Gerald Heward: ‘The Regent’s Canal is a wasted freight-moving asset’
Published: 10th June, 2011
by PETER GRUNER
THE Regent’s Canal, running through Islington, is a wasted asset that could be used to transport hundreds of tons of freight, according to a waterways campaigner.
Gerald Heward told a packed meeting of the Friends of the Regent’s Canal that he has devised a scheme to make more use of the capital’s 150 miles of waterways, which he has submitted to London Mayor Boris Johnson.
Up to 50 people attended the meeting at the Canal Museum at King’s Cross.

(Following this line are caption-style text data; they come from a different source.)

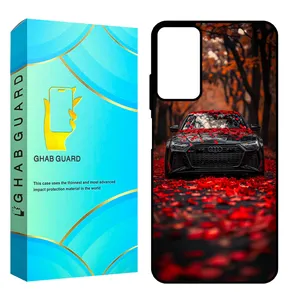 Ghab Guard CHAPGHAB Cover For Xiaomi Redmi Note 12 Pro 4G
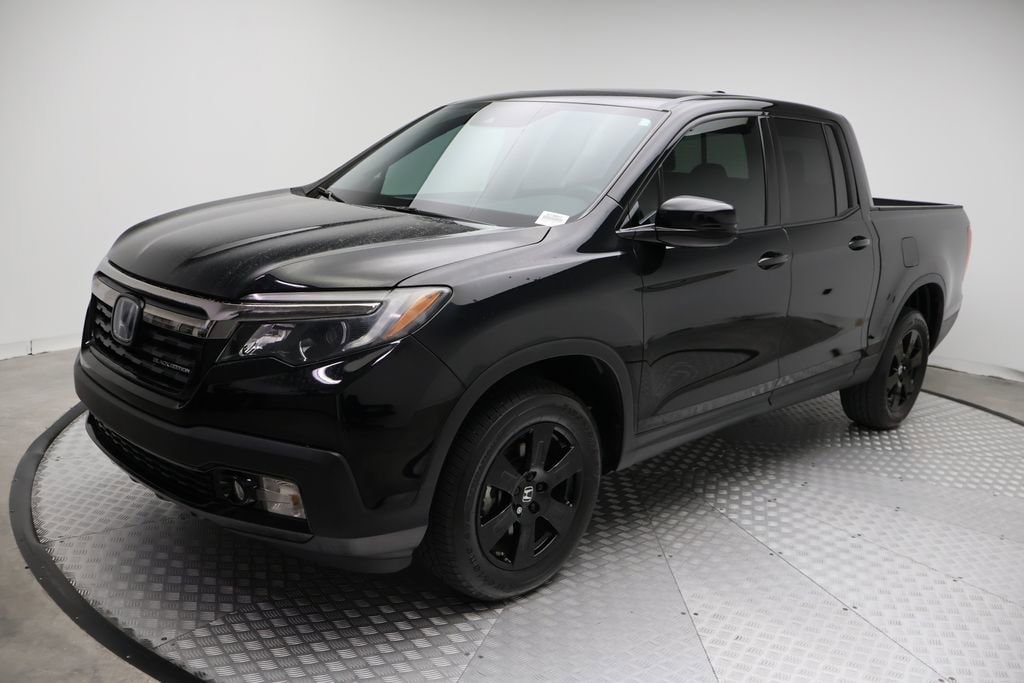 2020 Honda Ridgeline Black Edition's photo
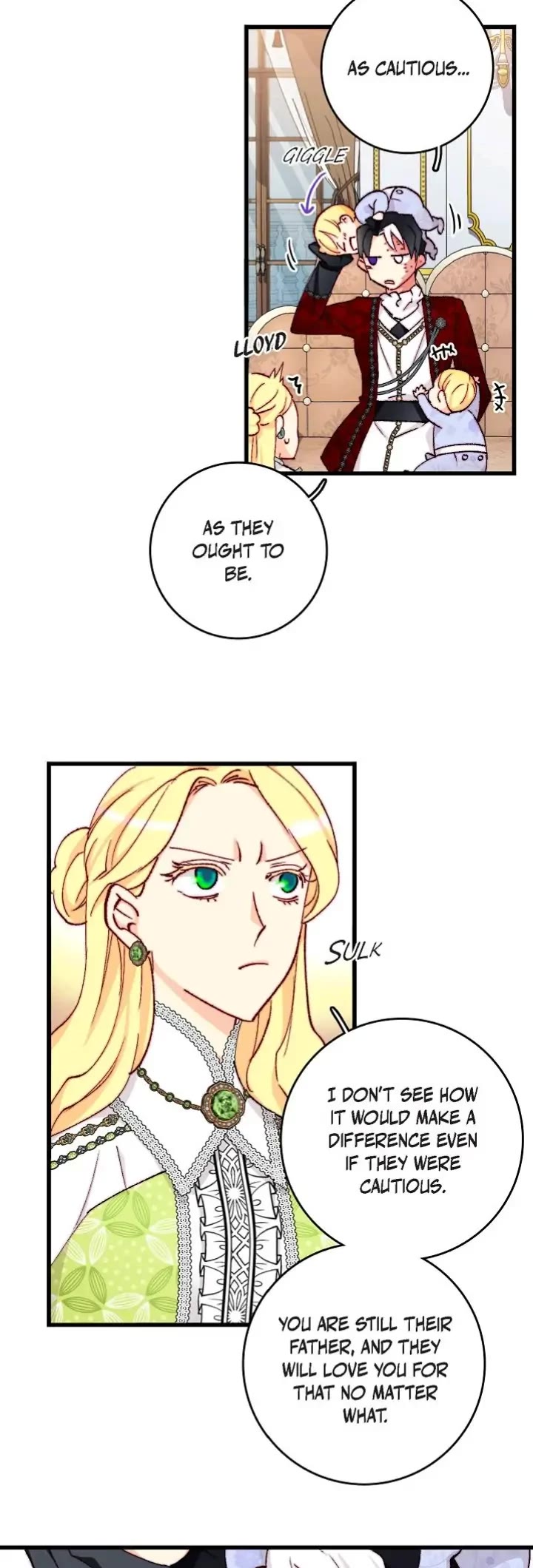 Bring the Love Chapter 151 page 23 - Chapter 151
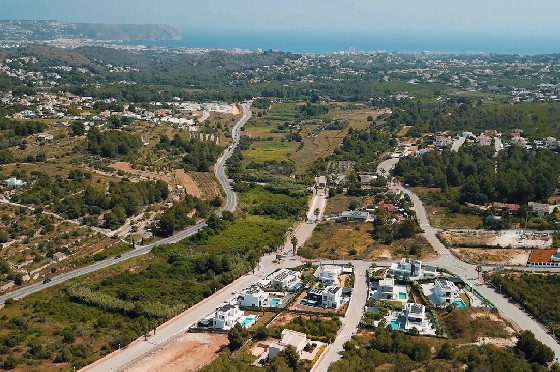 Wohngrundstück in Javea zu verkaufen, Woongedeelte 170 m², Klimaanlage, Grondstuk 1000 m², Pool, ref.: AVS-57654-1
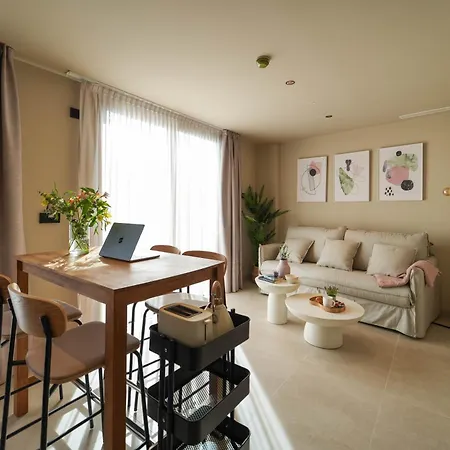 Niu Line Apartment Villajoyosa Exterior photo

Mr Heward said that a number of large barges could transport 120 tons of Islington’s waste along the Regent’s Canal to where it connects with the River Lea, and on to the Edmonton incinerator. It would take the equivalent of six lorries off the road.
Britain’s 1,000 miles of canals were built 200 years ago to carry freight and sustain the industrial revolution.
Mr Heward, a member of the London Mayor’s Waterways Commission, added: “Today the greatest need is to get heavy lorries, which pump fumes into the air and cause traffic jams, off our roads. Canals, with their links to many boroughs like Islington and Camden, would be ideal as an alternative means of transport.”
Part of Mr Heward’s vision would be to stop heavy vehicles coming into London at canal points on the M25, where they would unload their wares onto canal barges.
“Canals are slow but not always as slow as being stuck in heavy traffic,” he said.
Regent’s Canal runs in an arc from Limehouse docks through a tunnel underneath the Angel, on through Camden to Little Venice and the basin at Paddington, connecting to canals in the Midlands and the West.